The story of the smartphone revolution might have been very different. Hermann Hauser was enjoying success as a computer entrepreneur in Cambridge in 1985, but his company, Acorn, needed a better chip. Hauser approached the US firm Intel to ask if he could modify one of its chips.
“Intel said get lost,” says Hauser. “Who the hell are you? They are perfect as they are.’”
It may well regret that decision. Hauser instead asked two engineers to create Acorn’s own version. There are now 225bn descendants of the first “advanced Risc machine”, or Arm, the biggest rival to Intel. If you are reading this on a mobile device there is a very high chance you are holding one of its chips in your hand – the company estimates they are embedded in 95% of smartphones worldwide.

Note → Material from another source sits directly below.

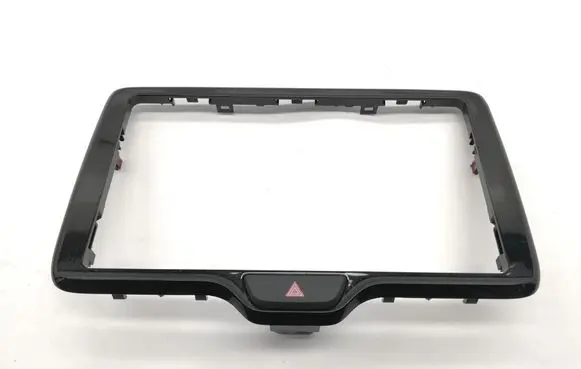 Toyota Yaris Cross Radio/GPS head unit trim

Yet its future is deeply uncertain, amid concerns it will list on New York’s stock market, loosening its UK roots. The company has halted work on a dual listing in the UK, the Financial Times reported last week. That would be a major blow to Downing Street, which has lobbied hard for a London listing.
Hauser, now a venture capital investor in a series of UK tech companies, sold his shareholding in Arm in 2016 when it was bought by Japan’s SoftBank, but he is an outspoken advocate of it retaining its status as an independent company, and a UK tech champion.
American chip designer Nvidia tried to buy Arm in 2020, which “would have been an absolute disaster”, he says, speaking from his Cambridge office. He is in favour of an initial public offering that allows a diverse shareholder base to take minority investments and keep Arm as the “Switzerland of the semiconductor industry”, able to work with anyone.